One component of the problem is the requirement that people be six months without insurance to qualify (another is the cost of premiums, especially for older folks; there have been some reductions in premiums this year). The six-month qualification was designed to insure that the pools were not flooded with applicants, causing costs to exceed the $5 billion allocated by Congress to pay for the program. This is presumably no longer necessary to insure the financial soundness of the program given that many fewer people than projected have signed up.
High Risk Pools. Allow people who run out of COBRA to qualify immediately.:
Currently, someone with a pre-existing condition whose COBRA runs out cannot get insurance from the high-risk pool program, nor can they get insurance from a private insurer because of their condition. There is no sane reason not to let such people transfer into a federal high-risk pool immediately; it is not as if they would be gaming the system.
Eliminate the small-business 1099 reporting requirement:
Everyone hates the 1099-reporting requirement imposed on small businesses and the self-employed. What it does:
Section 9006 of the health care bill -- just a few lines buried in the 2,409-page document -- mandates that beginning in 2012 all companies will have to issue 1099 tax forms not just to contract workers but to any individual or corporation from which they buy more than $600 in goods or services in a tax year.
Attempts to repeal that provision of the PPACA have been going on since it was put in, thwarted by various combinations of pig-headedness and partisan politics. Yes, repealing it will cut federal revenue by a small amount, but Republicans have demonstrated that they don't care about deficits. Spin it as a pro-business tax cut and Republicans should be all over it like hyenas on a dead gazelle.

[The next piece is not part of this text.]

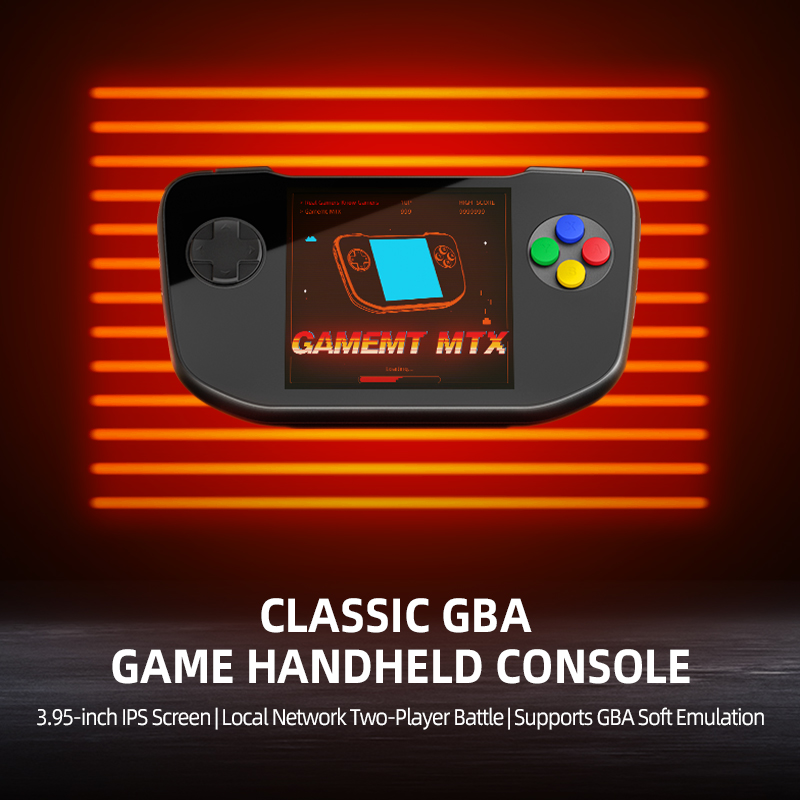 Игровая консоль GameMT MTX Ret – обзор и цена Gaming Console Under 5000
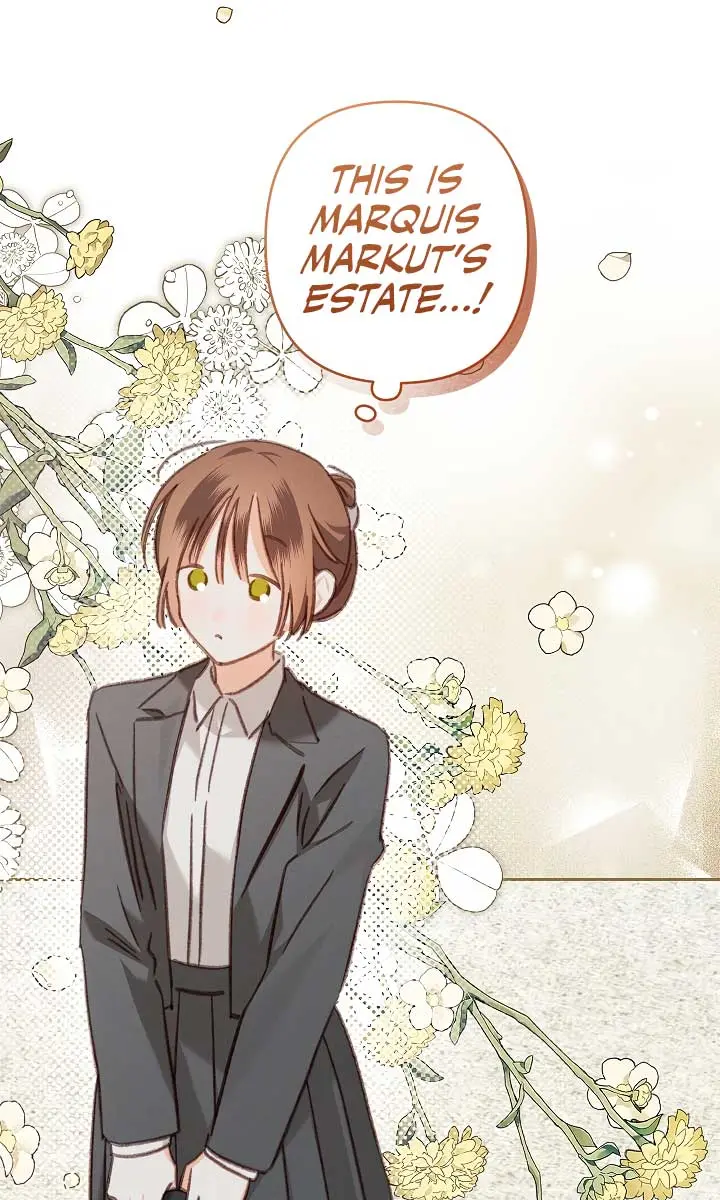 How to Survive as a Maid in a Horror Game Chapter 47 Page 19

Bring forward the date the exchanges and the pre-existing condition ban begin:
There's no logical reason why the exchanges and the ban on pre-existing conditions begin by statute on January 1, 2014. It's just an arbitrary date. If the exchanges can be set up at all, they can be set up in another two and a half years (by July 1, 2013) rather than in three years.
The main reason why this was pushed out until 2014 was budget considerations -- specifically providing subsidies for lower-income people to buy insurance, thereby increasing the deficit. As much as it would be a good thing, there is no reason I can think of why the subsidies have to kick in before 2014 even if the ban and the exchanges do; the exchanges can be up and running and the ban on pre-existing condition rejection can be effected without the subsidies going into effect.
Doing this would give millions, if not tens of millions, of people access to reduced-cost health insurance six months earlier than otherwise, with the knowledge that starting in 2014 some part of their premiums may be covered by the Federal government (depending on income level). And it would stop denial of coverage because of pre-existing conditions six months early too.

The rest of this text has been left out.